Saturday, September 15, 2007

British bank run update

The Guardian Unlimited reports ("Fears grow for British economy as panic over Northern Rock spreads") in tomorrow's edition that:

"US Treasury Secretary Hank Paulson flies in to London tomorrow to discuss the worsening global credit crisis with Chancellor Alistair Darling, as fears intensify that the lending squeeze could be the last straw for Britain's buy-now-pay-later economy."

What is Mr. Paulson going to advise? He represents the world's leading buy-now-pay-later economy. Our economic growth has been predicated on debt for years. It's how we sustain the illusion of middle-class expectations and upward mobility. You get to pretend you own stuff and that you have earned stuff, in exchange for accepting all sorts of systemic injustices and thwarted opportunities. It's our national devil's bargain.

What can the British possibly learn from us? Perhaps Mr. Paulson will advise how to calm the sensibly alarmed Brits with some rhetorical strategies tying economic stability to consumer spending and attitude.

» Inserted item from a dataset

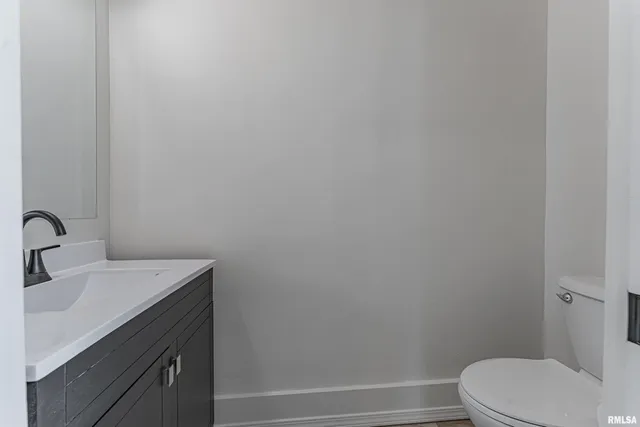 $195,000 | 1102 3rd Street, Lincoln, IL 62656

Even now, credit card companies are ramping up sales pitches to subprime borrowers, while cutting back on offers to good credit risks.(source) They can make so much more on people who carry a balance and accumulate late payment fees. In this financially twisted environment, it's good business to lend to people who have little to no hope of paying back their debts. It's 21st-century servitude to a monstrous and invisible master.

Welcome aboard good people of Britain. Teach us that panic may be a reasonable response to fiscal irresponsibility.